(Scraped caption text data)
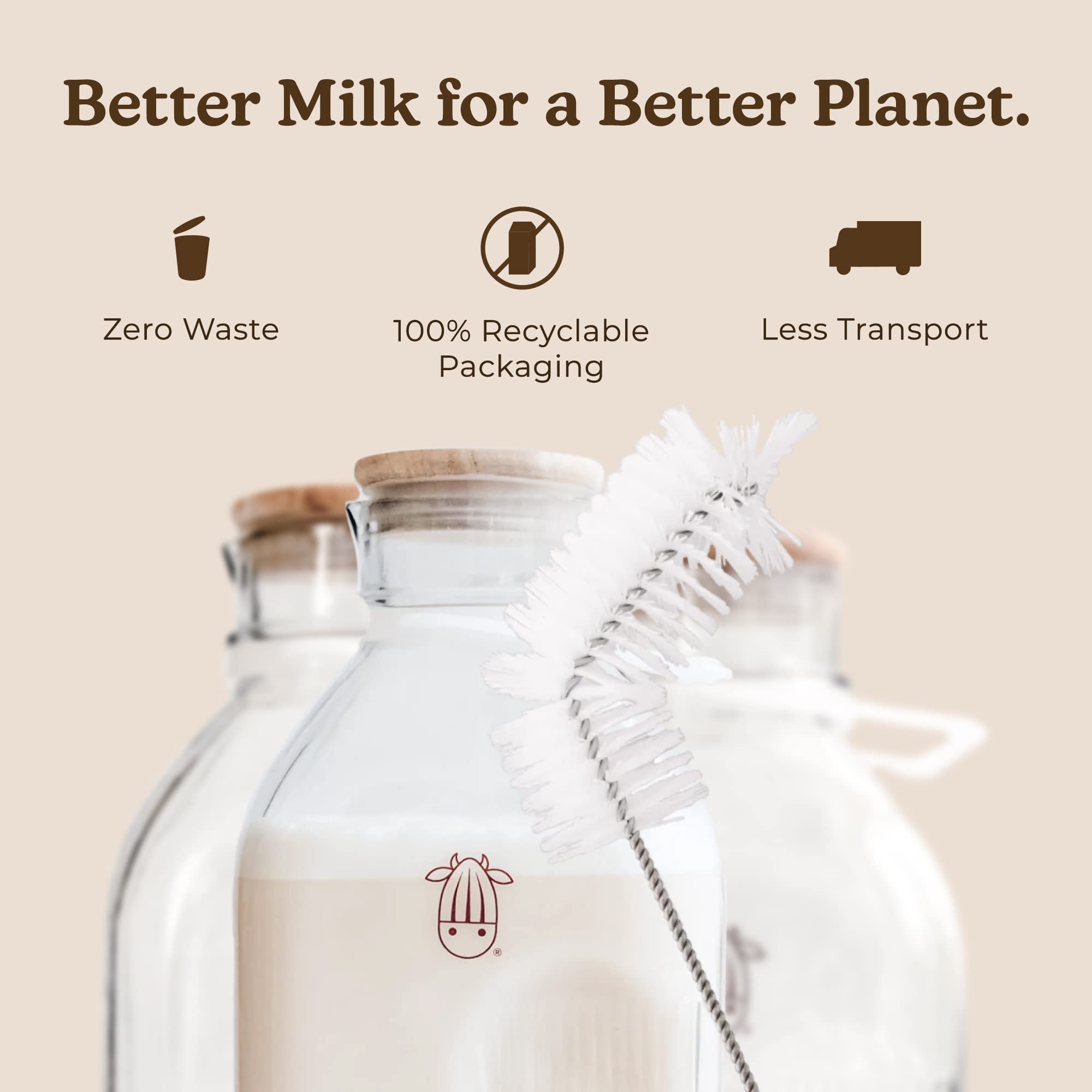 Almond Cow 13-inch-long handle reaches deep bottle corners easily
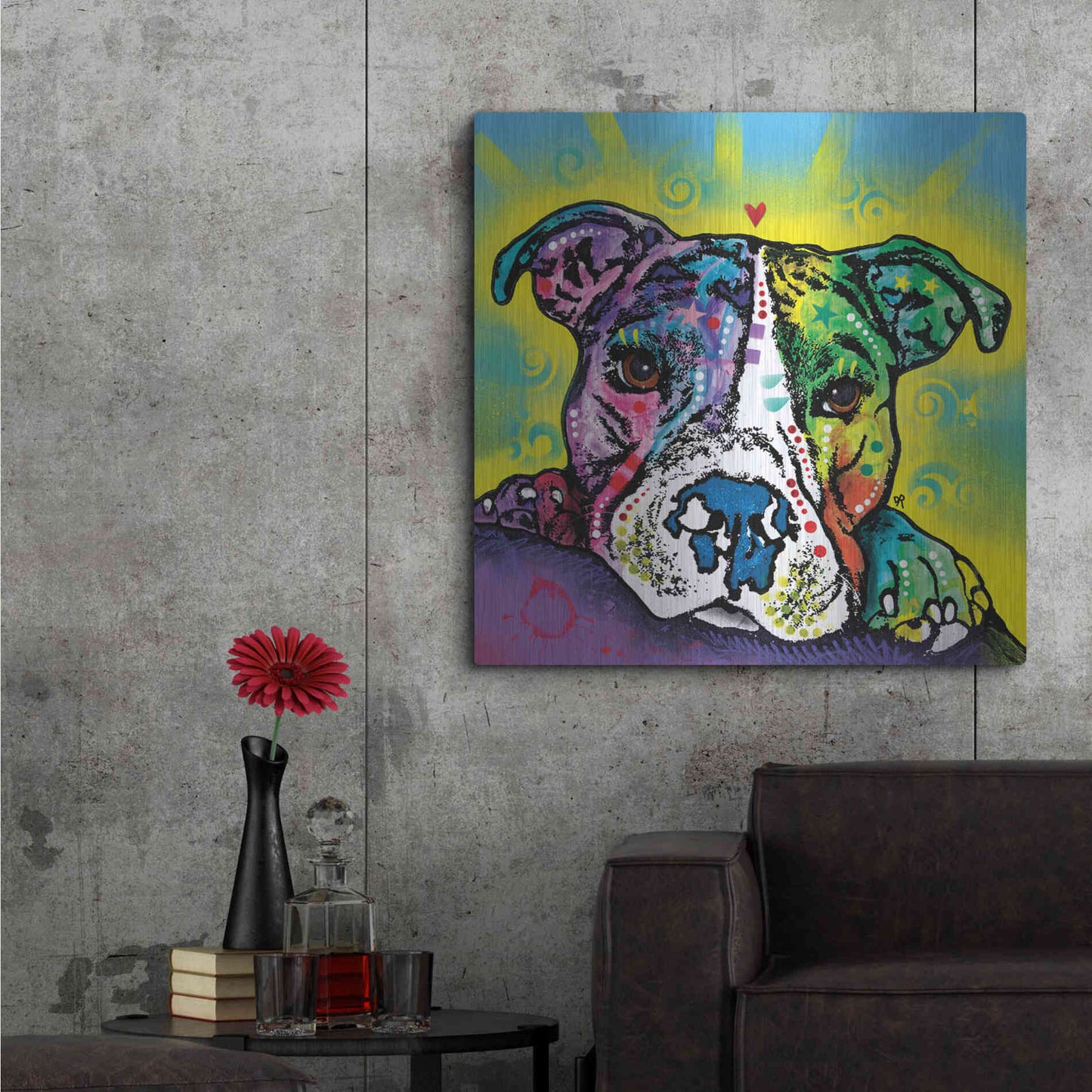 Luxe Metal Art 'The Baby Pit Bull' by Dean Russo, Metal Wall Art,36x36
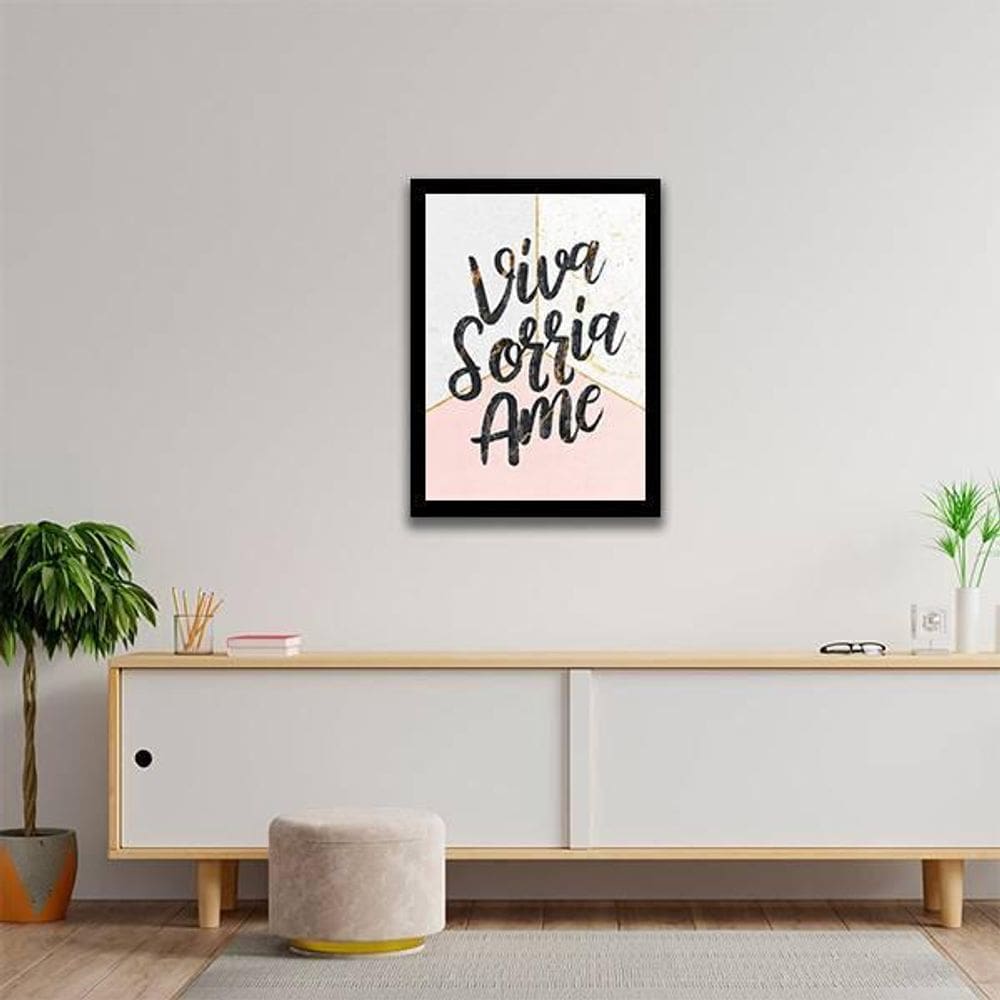 Quadro Viva, Sorria, Ame 24X18Cm - Com Vidro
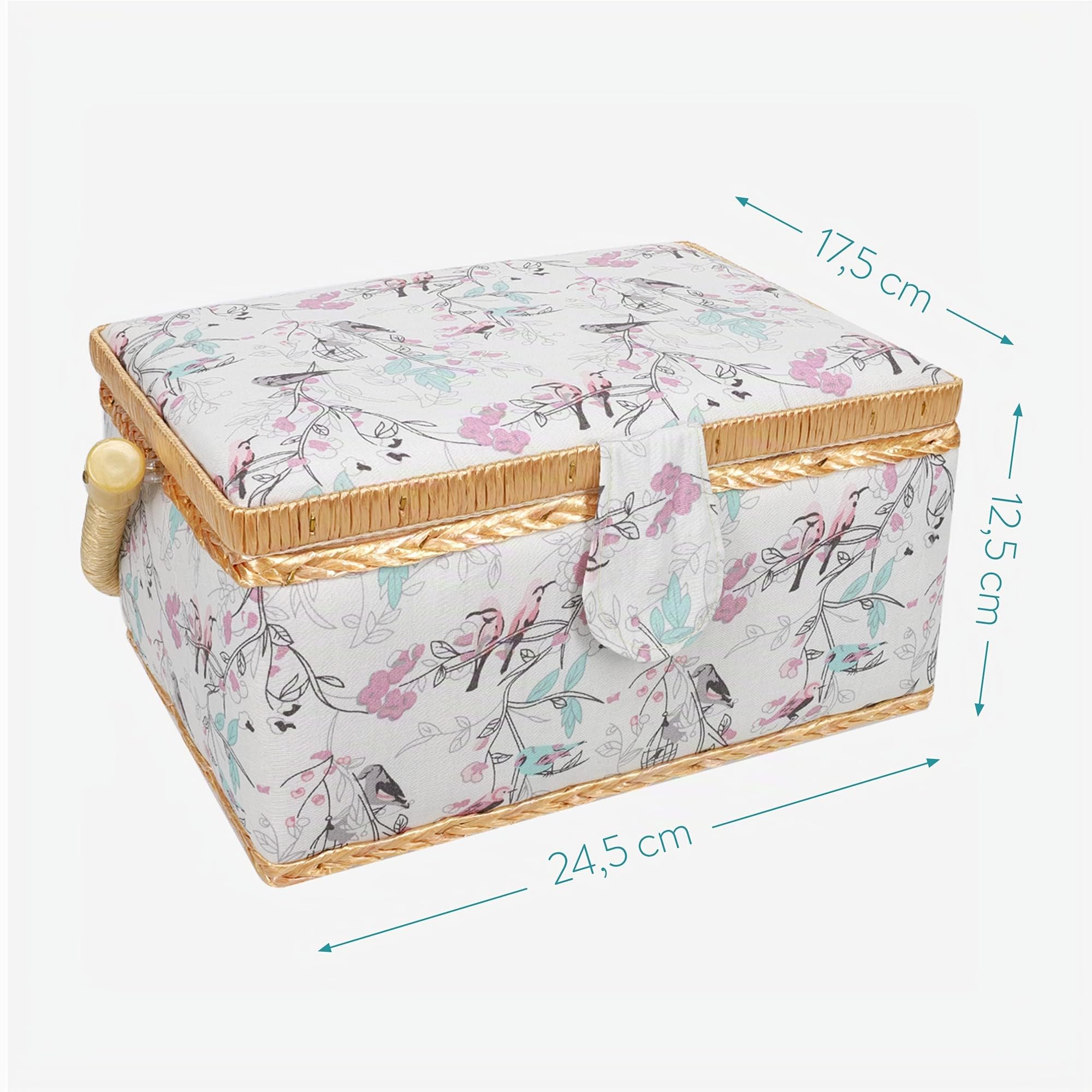 Navaris Costurero de Madera con 76 Accesorios - Caja de Costura Forrada en Tela de pájaros con 4 Compartimentos - Organizador con alfiletero Agujas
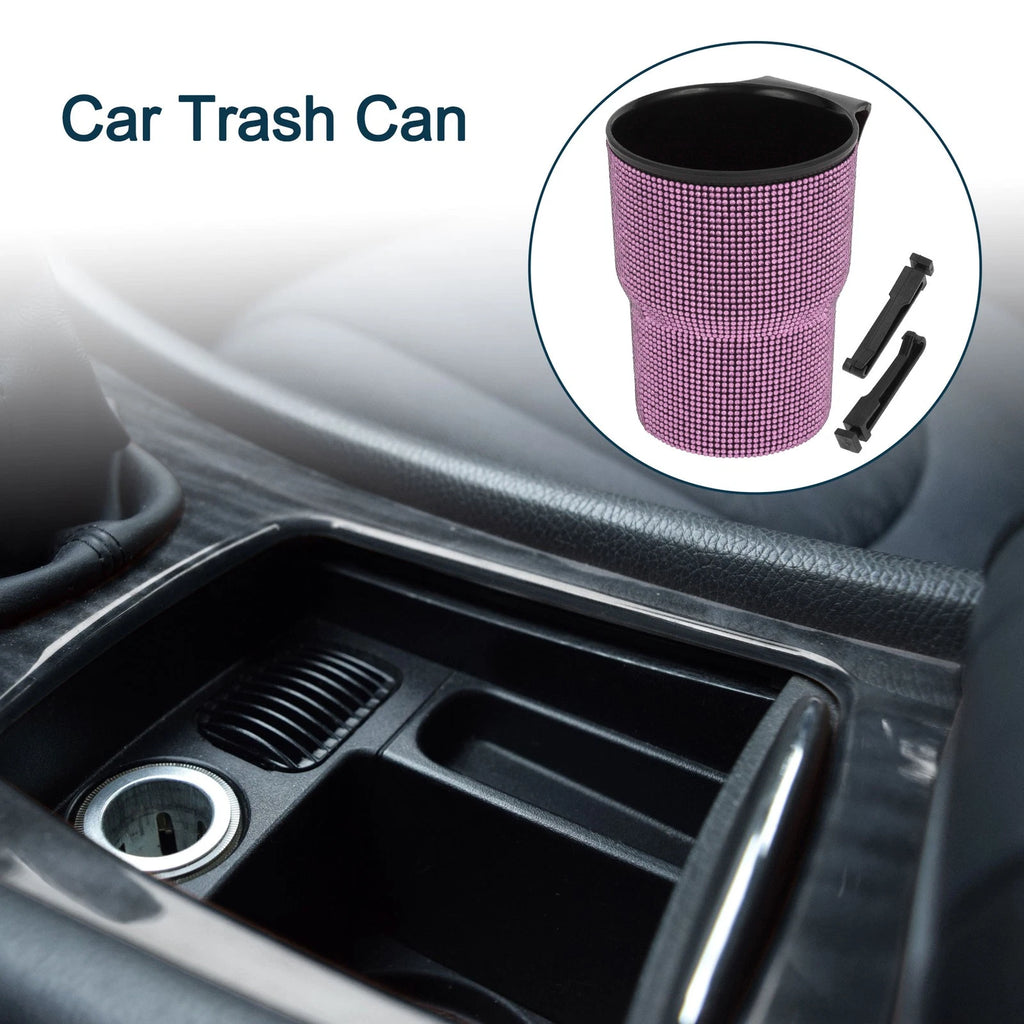 Car Trash Can for Universal Use (Portable, Seat Back, ABS, Pink)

> _REQUIREMENT_
Nothing but the lines from the one that contains "Navaris Costurero de" through the last line of the records belongs in the answer, reproduced exactly, with no pictures.

> _YOUR RESPONSE_
 Navaris Costurero de Madera con 76 Accesorios - Caja de Costura Forrada en Tela de pájaros con 4 Compartimentos - Organizador con alfiletero Agujas
 Car Trash Can for Universal Use (Portable, Seat Back, ABS, Pink)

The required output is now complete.